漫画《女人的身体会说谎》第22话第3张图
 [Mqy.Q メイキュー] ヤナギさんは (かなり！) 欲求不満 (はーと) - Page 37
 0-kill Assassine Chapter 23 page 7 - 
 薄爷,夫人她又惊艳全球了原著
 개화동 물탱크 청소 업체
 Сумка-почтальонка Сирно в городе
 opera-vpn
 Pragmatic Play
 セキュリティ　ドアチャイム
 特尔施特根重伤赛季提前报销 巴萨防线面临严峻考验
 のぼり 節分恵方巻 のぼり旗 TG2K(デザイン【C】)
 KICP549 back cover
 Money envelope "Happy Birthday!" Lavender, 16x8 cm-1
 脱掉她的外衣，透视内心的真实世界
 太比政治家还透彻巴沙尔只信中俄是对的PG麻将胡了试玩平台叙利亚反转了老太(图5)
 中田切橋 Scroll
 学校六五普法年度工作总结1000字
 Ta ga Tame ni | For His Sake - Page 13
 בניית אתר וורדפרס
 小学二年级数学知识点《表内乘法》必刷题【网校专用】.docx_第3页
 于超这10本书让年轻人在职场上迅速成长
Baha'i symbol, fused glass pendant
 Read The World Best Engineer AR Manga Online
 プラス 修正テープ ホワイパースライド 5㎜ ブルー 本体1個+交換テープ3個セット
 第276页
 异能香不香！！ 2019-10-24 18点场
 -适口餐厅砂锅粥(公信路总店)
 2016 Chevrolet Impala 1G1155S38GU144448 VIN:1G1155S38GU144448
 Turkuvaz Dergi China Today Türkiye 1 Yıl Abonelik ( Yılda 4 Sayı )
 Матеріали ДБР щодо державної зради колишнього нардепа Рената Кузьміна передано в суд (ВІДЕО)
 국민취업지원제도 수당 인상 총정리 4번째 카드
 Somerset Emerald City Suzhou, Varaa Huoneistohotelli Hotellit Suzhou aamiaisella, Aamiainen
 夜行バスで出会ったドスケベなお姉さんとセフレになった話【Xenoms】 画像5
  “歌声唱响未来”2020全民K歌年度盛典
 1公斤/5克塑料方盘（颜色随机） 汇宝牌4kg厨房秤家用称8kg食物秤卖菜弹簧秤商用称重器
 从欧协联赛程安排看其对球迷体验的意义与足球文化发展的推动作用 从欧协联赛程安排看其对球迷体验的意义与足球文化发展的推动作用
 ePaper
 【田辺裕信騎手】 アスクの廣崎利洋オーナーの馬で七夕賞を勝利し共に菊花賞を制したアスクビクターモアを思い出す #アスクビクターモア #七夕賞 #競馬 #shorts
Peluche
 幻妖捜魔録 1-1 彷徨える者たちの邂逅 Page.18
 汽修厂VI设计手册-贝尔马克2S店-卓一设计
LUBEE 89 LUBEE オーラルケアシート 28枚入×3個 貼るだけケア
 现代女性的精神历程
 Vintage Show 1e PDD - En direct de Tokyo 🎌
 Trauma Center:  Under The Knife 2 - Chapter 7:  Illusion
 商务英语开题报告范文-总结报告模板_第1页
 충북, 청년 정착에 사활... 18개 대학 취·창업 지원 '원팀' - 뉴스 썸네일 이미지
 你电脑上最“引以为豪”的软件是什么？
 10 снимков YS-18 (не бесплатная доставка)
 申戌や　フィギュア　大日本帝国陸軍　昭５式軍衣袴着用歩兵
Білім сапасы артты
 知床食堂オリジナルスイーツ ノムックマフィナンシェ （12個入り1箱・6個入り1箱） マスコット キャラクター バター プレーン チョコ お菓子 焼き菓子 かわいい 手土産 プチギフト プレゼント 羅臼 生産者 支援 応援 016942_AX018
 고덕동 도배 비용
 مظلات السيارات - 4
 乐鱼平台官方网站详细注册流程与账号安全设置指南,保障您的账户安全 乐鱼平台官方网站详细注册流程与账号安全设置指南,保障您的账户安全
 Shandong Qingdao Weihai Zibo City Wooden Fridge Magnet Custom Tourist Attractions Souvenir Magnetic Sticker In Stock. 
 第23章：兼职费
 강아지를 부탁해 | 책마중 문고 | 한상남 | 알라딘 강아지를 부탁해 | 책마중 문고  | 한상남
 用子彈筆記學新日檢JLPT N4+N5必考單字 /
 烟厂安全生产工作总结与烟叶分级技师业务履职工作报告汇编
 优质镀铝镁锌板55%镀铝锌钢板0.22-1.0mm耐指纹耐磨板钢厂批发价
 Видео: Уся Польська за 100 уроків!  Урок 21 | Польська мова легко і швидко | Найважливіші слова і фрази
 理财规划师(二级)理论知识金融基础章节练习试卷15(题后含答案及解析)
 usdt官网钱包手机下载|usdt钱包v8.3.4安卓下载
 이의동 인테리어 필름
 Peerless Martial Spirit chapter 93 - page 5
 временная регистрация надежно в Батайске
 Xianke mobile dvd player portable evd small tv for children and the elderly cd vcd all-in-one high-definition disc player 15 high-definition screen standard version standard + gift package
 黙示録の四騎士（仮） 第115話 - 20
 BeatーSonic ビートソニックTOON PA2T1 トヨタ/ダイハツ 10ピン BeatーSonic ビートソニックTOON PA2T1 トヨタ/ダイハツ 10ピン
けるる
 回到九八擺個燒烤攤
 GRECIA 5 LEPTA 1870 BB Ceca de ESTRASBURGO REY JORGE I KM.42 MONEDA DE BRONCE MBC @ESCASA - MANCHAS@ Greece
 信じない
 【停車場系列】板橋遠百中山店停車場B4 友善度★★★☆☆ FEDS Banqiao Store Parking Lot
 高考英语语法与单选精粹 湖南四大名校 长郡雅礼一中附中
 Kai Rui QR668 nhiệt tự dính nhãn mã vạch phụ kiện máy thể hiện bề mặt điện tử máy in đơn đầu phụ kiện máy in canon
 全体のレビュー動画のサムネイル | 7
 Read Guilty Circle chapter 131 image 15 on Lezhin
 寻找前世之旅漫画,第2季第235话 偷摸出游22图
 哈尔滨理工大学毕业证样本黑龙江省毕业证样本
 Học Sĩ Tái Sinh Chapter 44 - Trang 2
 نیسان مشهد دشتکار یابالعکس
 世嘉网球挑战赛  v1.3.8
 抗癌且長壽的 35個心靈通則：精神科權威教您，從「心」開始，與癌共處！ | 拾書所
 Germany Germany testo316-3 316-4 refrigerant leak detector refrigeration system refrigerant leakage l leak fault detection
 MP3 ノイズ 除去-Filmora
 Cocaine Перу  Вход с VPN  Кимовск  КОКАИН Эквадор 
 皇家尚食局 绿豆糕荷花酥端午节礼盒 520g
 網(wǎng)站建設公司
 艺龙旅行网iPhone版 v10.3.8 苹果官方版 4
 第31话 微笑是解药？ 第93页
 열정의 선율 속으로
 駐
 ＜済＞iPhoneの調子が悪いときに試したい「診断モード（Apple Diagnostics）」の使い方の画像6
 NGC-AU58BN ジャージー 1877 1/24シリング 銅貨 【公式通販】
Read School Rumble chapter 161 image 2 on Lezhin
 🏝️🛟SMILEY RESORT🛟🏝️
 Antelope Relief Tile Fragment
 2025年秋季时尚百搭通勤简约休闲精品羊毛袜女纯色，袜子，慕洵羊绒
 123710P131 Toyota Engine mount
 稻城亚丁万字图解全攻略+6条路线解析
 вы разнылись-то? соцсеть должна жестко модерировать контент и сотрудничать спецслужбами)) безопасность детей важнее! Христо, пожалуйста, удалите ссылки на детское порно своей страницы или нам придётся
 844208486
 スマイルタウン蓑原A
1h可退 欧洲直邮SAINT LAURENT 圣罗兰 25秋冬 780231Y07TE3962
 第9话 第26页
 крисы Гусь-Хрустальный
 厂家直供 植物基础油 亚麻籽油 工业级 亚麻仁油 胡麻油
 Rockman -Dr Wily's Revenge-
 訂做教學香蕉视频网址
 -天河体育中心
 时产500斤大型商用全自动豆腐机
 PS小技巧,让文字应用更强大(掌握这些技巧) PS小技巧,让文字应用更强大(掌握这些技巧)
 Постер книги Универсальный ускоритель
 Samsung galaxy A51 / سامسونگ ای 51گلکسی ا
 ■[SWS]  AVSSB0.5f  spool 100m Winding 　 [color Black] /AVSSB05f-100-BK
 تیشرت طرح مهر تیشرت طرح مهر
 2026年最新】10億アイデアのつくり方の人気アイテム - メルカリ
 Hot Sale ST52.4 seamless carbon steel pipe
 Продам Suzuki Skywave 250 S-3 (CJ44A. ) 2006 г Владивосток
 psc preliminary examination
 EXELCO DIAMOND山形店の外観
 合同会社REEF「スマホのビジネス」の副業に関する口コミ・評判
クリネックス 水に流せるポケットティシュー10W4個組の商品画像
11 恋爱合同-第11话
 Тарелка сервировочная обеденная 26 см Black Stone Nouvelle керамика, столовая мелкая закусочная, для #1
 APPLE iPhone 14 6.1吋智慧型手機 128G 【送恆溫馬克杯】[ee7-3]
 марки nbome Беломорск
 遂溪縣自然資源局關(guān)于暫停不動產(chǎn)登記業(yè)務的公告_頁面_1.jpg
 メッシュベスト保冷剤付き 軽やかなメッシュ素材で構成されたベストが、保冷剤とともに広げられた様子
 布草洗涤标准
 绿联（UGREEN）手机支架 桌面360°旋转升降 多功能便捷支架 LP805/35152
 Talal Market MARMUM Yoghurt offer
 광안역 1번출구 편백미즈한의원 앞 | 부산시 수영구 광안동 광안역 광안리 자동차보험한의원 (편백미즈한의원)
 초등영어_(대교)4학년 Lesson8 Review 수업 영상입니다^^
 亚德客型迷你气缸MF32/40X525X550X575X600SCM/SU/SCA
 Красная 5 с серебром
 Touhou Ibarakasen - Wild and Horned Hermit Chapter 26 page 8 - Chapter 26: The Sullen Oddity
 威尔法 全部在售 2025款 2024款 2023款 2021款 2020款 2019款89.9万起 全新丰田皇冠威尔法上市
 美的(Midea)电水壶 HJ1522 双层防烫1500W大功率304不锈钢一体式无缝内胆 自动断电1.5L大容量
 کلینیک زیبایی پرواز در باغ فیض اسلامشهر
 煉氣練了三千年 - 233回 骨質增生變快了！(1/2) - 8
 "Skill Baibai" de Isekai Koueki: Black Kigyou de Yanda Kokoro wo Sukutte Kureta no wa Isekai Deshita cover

■ ■ ■ ■ ■

• **ACTIVITY**:
Extract exactly and only the lines above from the line containing "セキュリティ　ドアチャイム" through the line containing "Turkuvaz Dergi China", both end lines included.

• **SOLUTION**:
 セキュリティ　ドアチャイム
 特尔施特根重伤赛季提前报销 巴萨防线面临严峻考验
 のぼり 節分恵方巻 のぼり旗 TG2K(デザイン【C】)
 KICP549 back cover
 Money envelope "Happy Birthday!" Lavender, 16x8 cm-1
 脱掉她的外衣，透视内心的真实世界
 太比政治家还透彻巴沙尔只信中俄是对的PG麻将胡了试玩平台叙利亚反转了老太(图5)
 中田切橋 Scroll
 学校六五普法年度工作总结1000字
 Ta ga Tame ni | For His Sake - Page 13
 בניית אתר וורדפרס
 小学二年级数学知识点《表内乘法》必刷题【网校专用】.docx_第3页
 于超这10本书让年轻人在职场上迅速成长
Baha'i symbol, fused glass pendant
 Read The World Best Engineer AR Manga Online
 プラス 修正テープ ホワイパースライド 5㎜ ブルー 本体1個+交換テープ3個セット
 第276页
 异能香不香！！ 2019-10-24 18点场
 -适口餐厅砂锅粥(公信路总店)
 2016 Chevrolet Impala 1G1155S38GU144448 VIN:1G1155S38GU144448
 Turkuvaz Dergi China Today Türkiye 1 Yıl Abonelik ( Yılda 4 Sayı )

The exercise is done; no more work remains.